Of course, you can stop selling parts to force hospitals to signing contracts. But we can also find competitors who will sell us the equipment and train us, and then you can watch your sales plummet. In certain cases, some companies hold a monopoly on certain types of equipment—and there is nothing we can do about it. But as history is cyclical, there is a day coming when your company will not be “the only one.” Remember the infamous Pet Rock?

This brings me back to the time I worked for a large healthcare organization: One of my fellow technicians went on vacation and I had to cover his area during his absence. Service call after service call came in for his area. When I responded, I found “patchwork” repairs. He would replace the part that was defective, but did not look at the tubing or connectors on the circuit boards. He also did not look at the trending reports in the equipment logs to see the degradation of certain parts.

He was a “trained” technician for this large company, despite never having a formal biomedical education. Instead, he had an electronics degree and worked in an electronic parts store before our company hired him. He was “trained” in fixing the equipment the company sold, but if the company didn’t train him in class, he did not know how or why to test certain things.

To him, it didn’t matter if the tubing was Silastic or Tygon. In fact, I found that he had patched things together with “snips” of tubing. He had no concept of what connectors built up carbon or why he should occasionally “swipe” them to reduce the likelihood of build-up.
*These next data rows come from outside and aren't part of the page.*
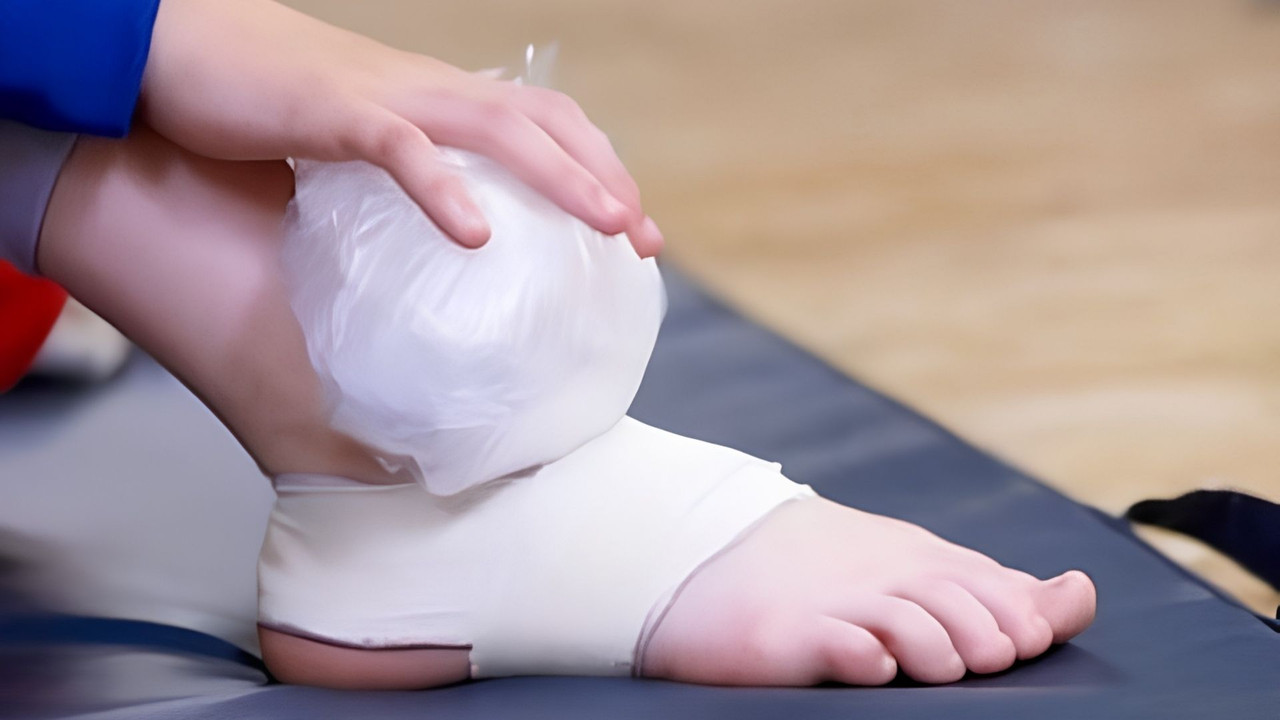 Phục hồi sau chấn thương — chườm đá lên mắt cá chân theo phương pháp RICE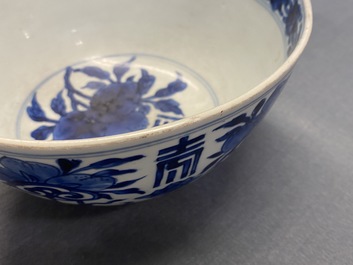 Un bol &agrave; d&eacute;cor 'Shou' en porcelaine de Chine en bleu et blanc, marque 'Shen de tang bo gu zhi', Kangxi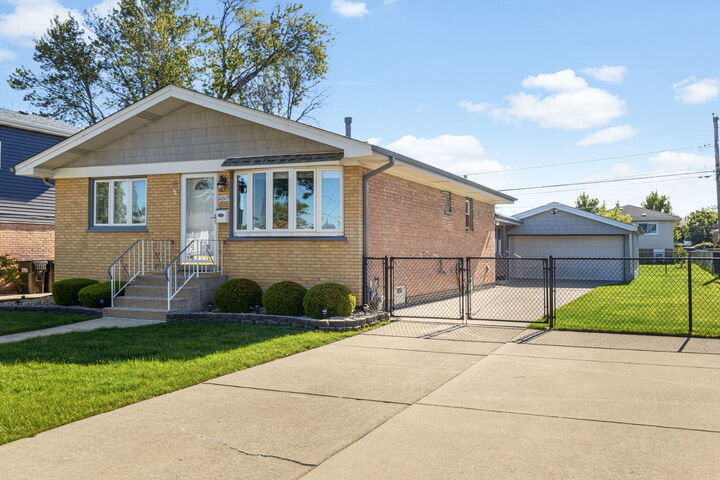 Property Photo:  10605 Sycamore Drive  IL 60415 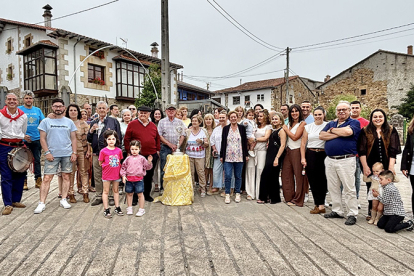 Los vecinos de Santa Mara de Aguayo celebraron la Octava del Corpus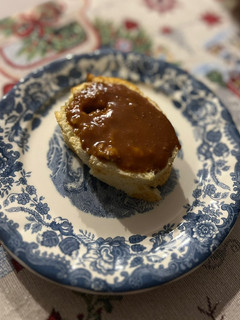 Una foto de Pionono de brandada de bacalao y miel con mayonesa de caramelo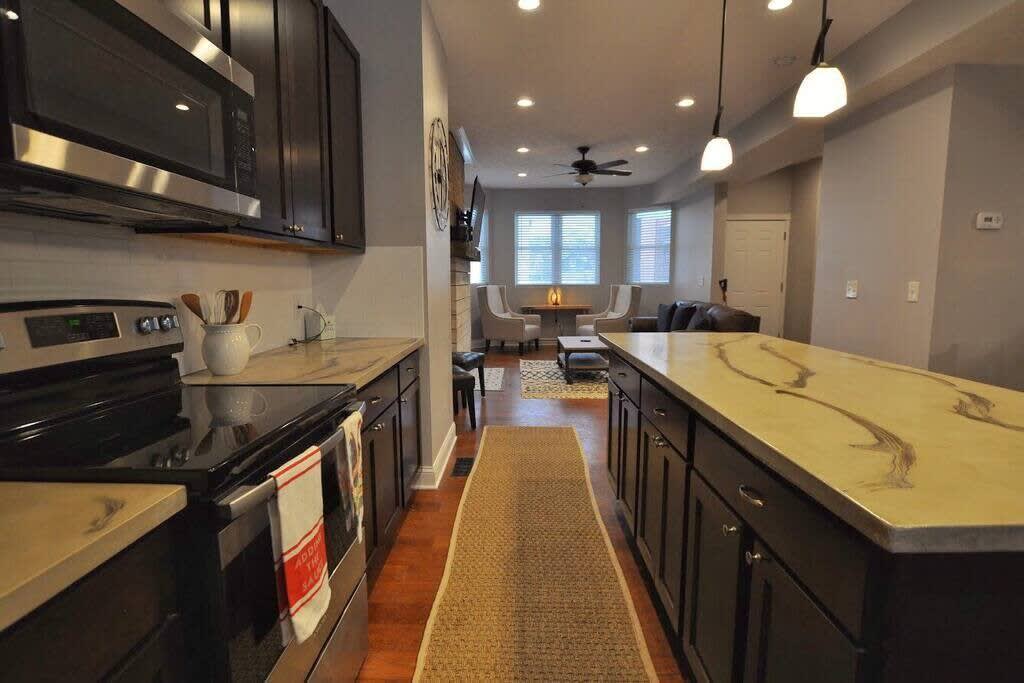 The Franklinton Farmhouse- 4 Bedrooms - Picture 27
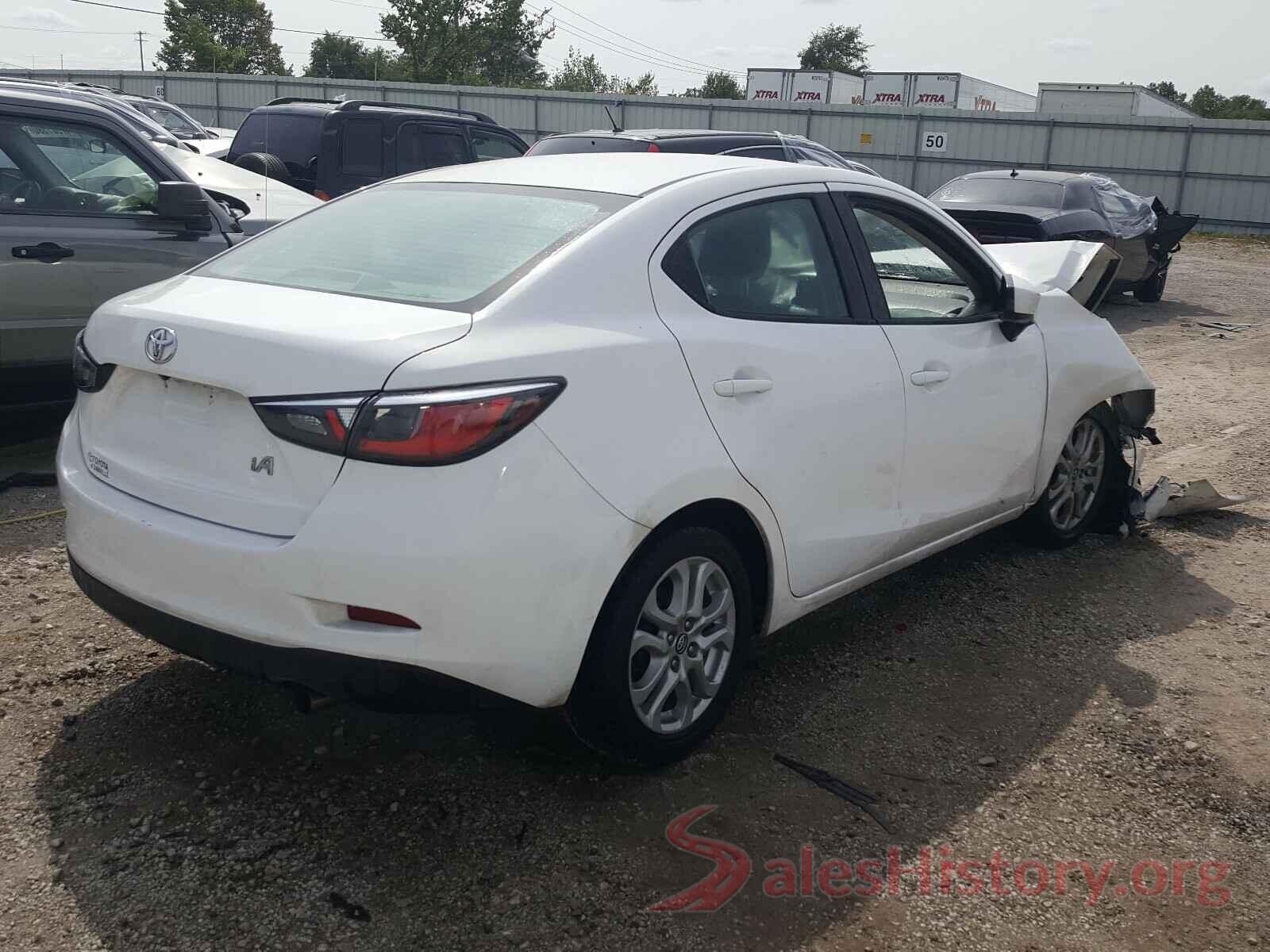 3MYDLBYV4JY301528 2018 TOYOTA YARIS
But, according to some vendors and manufacturers, he was one of the only technicians “qualified” to repair the equipment.
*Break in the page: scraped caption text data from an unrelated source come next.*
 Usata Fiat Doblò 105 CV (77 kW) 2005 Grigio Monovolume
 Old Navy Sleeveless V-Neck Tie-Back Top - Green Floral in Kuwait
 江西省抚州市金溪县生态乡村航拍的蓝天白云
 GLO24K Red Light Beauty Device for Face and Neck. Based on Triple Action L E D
Further, some manufacturers try to scare people into buying service contracts and paying huge amounts of money. When that doesn’t work, they deny us the right to buy the appropriate parts. They also tell us they won’t train us, in an effort to get more contracts sold and parts prices to increase.

Before I go any further, let me clarify one thing: I am not talking about life-support equipment, robotic microsurgical devices, or ventilators. Factually, most of these companies still provide training and sell parts to properly trained technicians. After all, some of these companies have realized it is a win-win to do so. They provide training, at a reasonable cost, and also realize a profit from the parts sold to those trained technicians.
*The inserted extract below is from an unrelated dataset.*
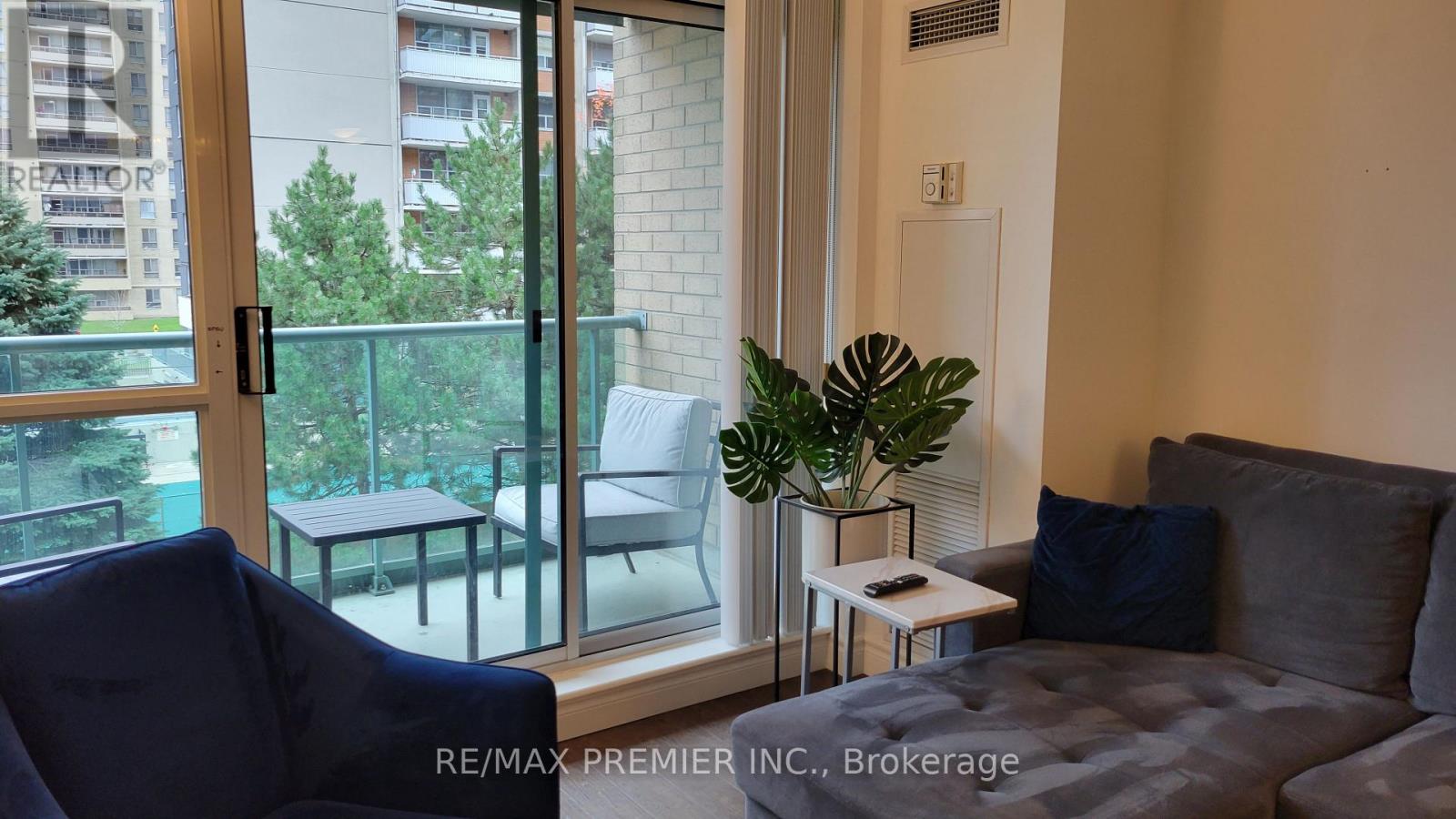 303 - 17 Michael Power Place, Toronto, Ontario  M9A 5G5 - Photo 7 - W12649918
So what types of companies am I referring to? Specifically, companies that sell Xenon light sources, surgical printers, nebulizers, and tourniquets—equipment not sustaining the life of the patient and, in some cases, not even directly related to patient care. Even so, many of these items come to biomedical engineering for repair and are tagged: “Broken, but have another unit to use”.

In other words, there is no patient harm or medical intervention needed. So, the biomed calls the manufacturer to order the part needed for repair and is told: “I’m sorry, we only allow our trained technicians to repair your equipment. You can provide us with a purchase order for $1,000 and send the unit in, or we can dispatch a trained technician to your location.”

The most maddening part? All that is needed is a printer roller, or a light bulb, or a lemo connector for a cable. But the company has a “trained” technician.

I never want to be in a position to tell a large manufacturer: “It’s not my fault that we aren’t buying 54 new pieces of equipment for our surgical department. I told you it would come to this one day. Sorry you lost $600,000 in sales.” After all, profits come and go; CEOs are hired and fired; but reputation and credibility take generations to repair—and they cannot be repaired by so-called “trained” technicians.

 Geoffrey Smith, CBET, is a biomedical engineer at Troy, Mich.-based Beaumont Health.

Editor’s note: The opinions expressed in this article are solely those of the author and do not necessarily reflect the views of 24×7 Magazine.